++++ Working data ++++

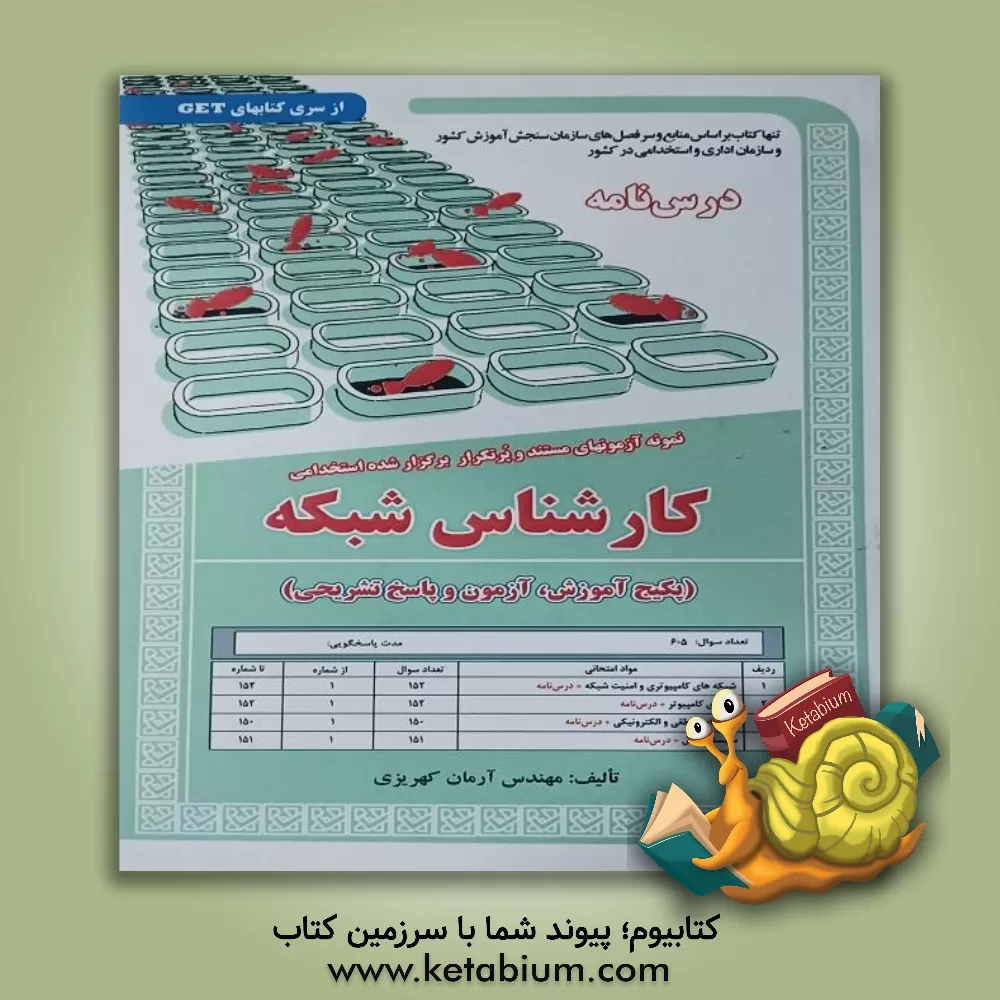 کتاب نمونه آزمون‌های مستند و پرتکرار برگزارشده استخدامی کارشناس شبکه (پکیج آموزش، آزمون و پاسخ تشریحی) قابل استفاده برای تمامی گرایش‌های ... اثر آرمان کهریزی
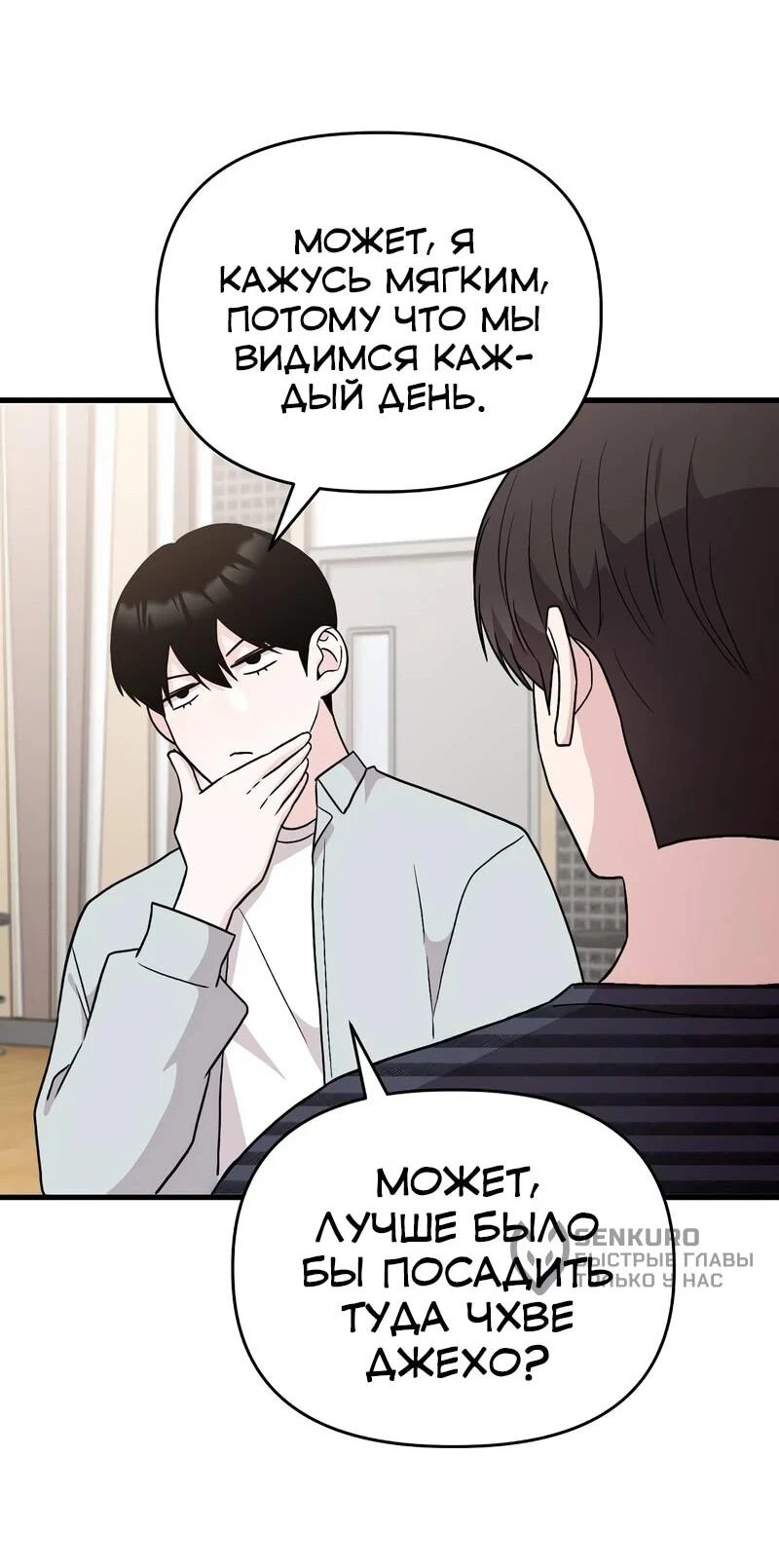 Read Менеджер Ким ненавидит айдолов Manga Online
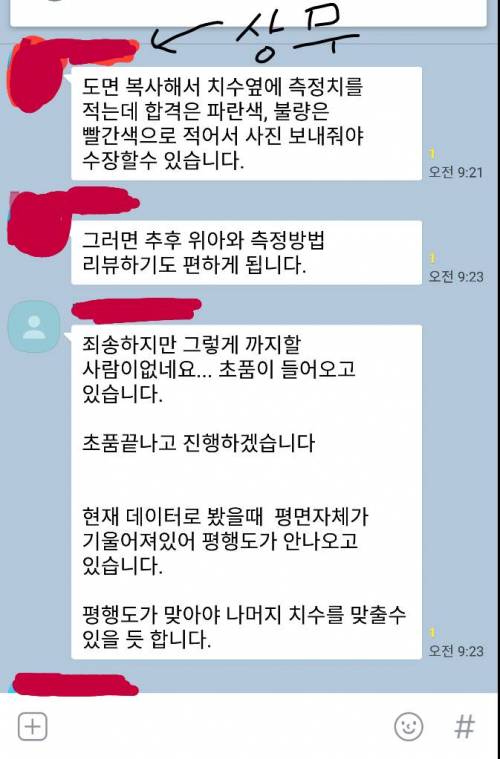 중소기업 카톡방.....jpg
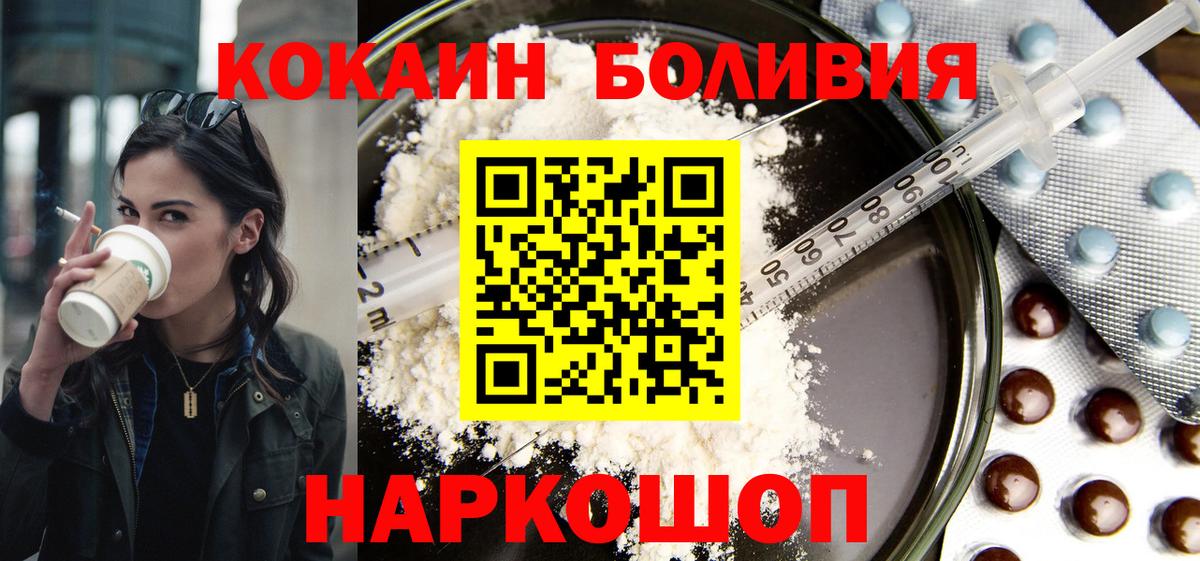 КОКАИН FishScale Истра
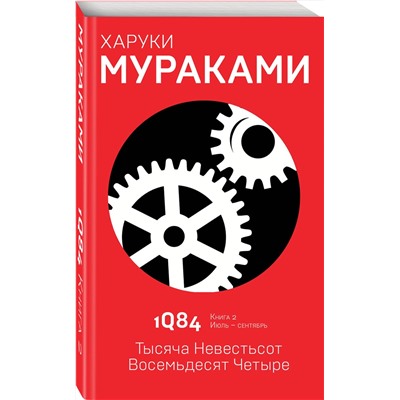 342917 Эксмо Харуки Мураками "1Q84. Тысяча Невестьсот Восемьдесят Четыре. Кн. 2. Июль - сентябрь"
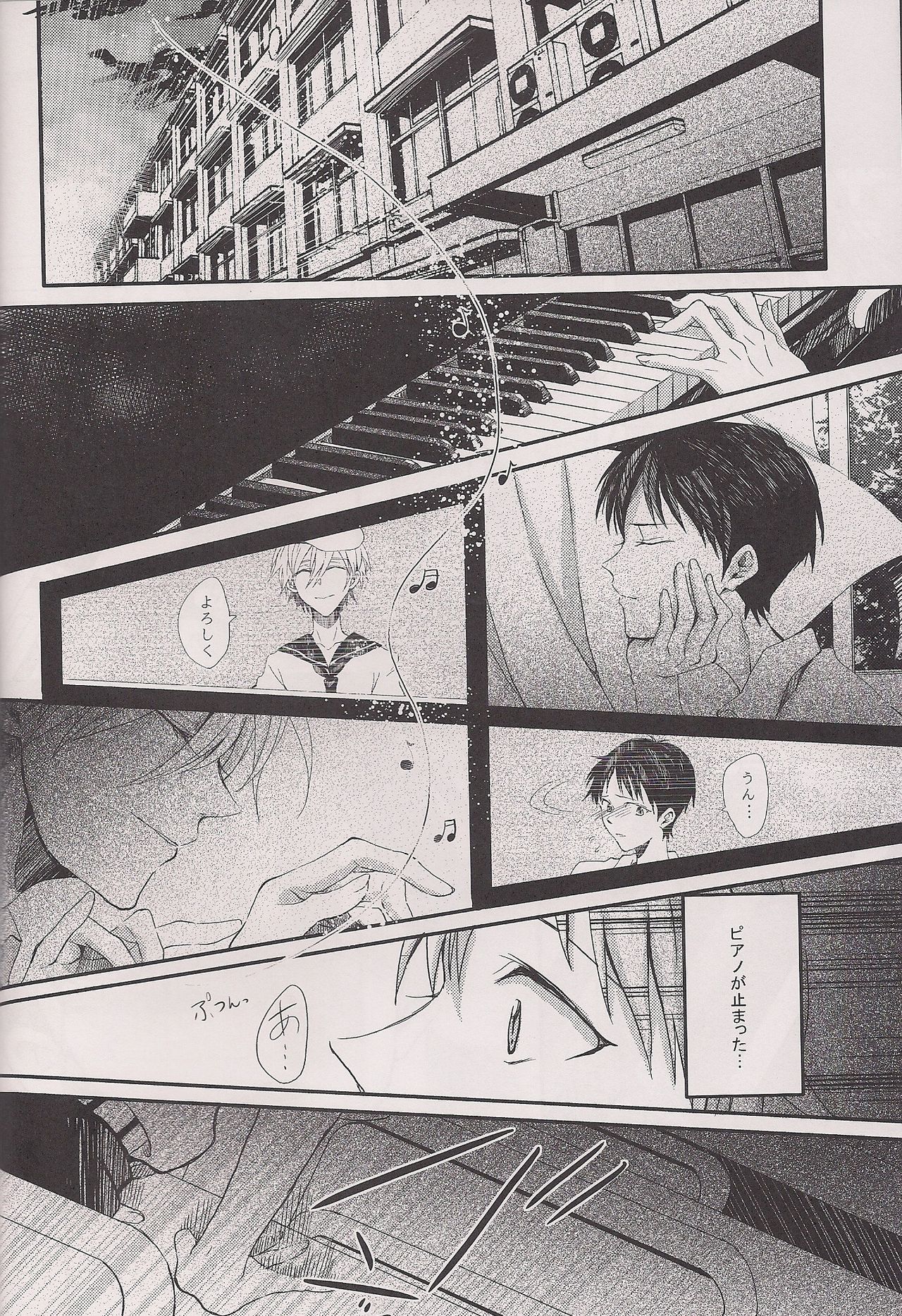 Enkan no Kotowari ni Michibikarete page 9 full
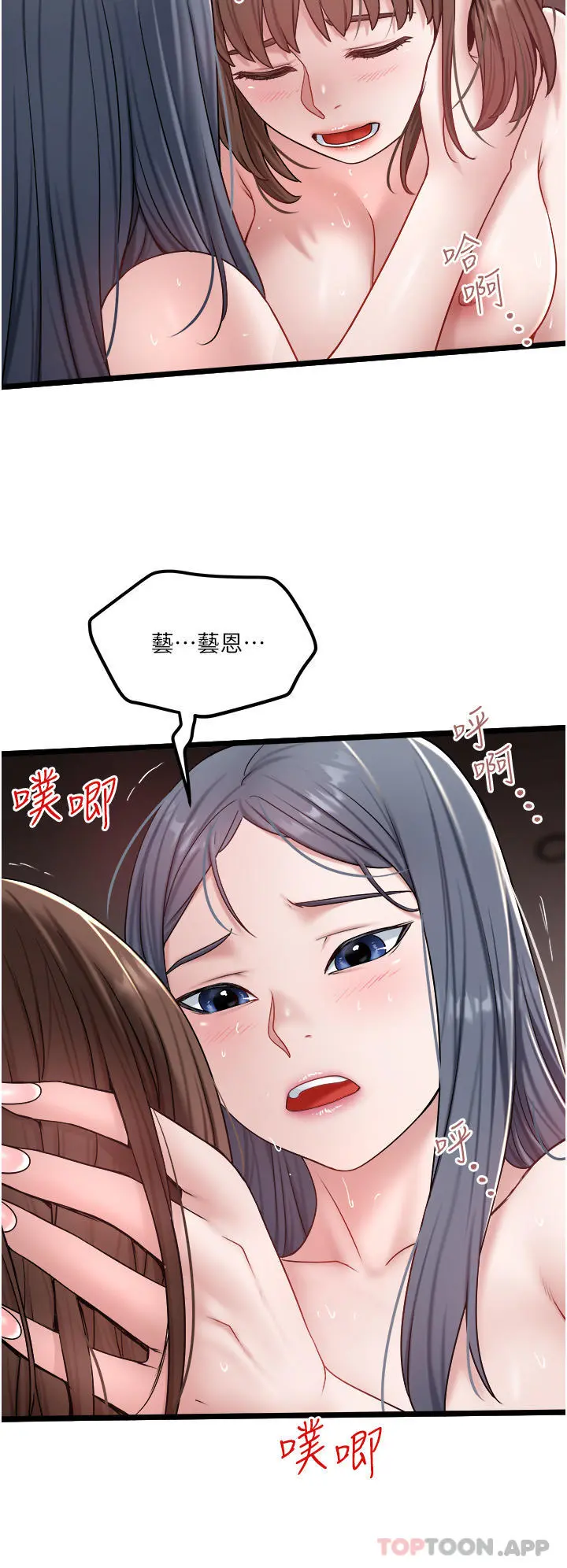 私人司机 第33话-跨越友情变恋人 第6页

++++

__What you are asked to do__
Omitting all pictures, reproduce the records above in their entirety.

__Answer box__
 کتاب نمونه آزمون‌های مستند و پرتکرار برگزارشده استخدامی کارشناس شبکه (پکیج آموزش، آزمون و پاسخ تشریحی) قابل استفاده برای تمامی گرایش‌های ... اثر آرمان کهریزی
 Read Менеджер Ким ненавидит айдолов Manga Online
 중소기업 카톡방.....jpg
 КОКАИН FishScale Истра
 342917 Эксмо Харуки Мураками "1Q84. Тысяча Невестьсот Восемьдесят Четыре. Кн. 2. Июль - сентябрь"
 Enkan no Kotowari ni Michibikarete page 9 full
 私人司机 第33话-跨越友情变恋人 第6页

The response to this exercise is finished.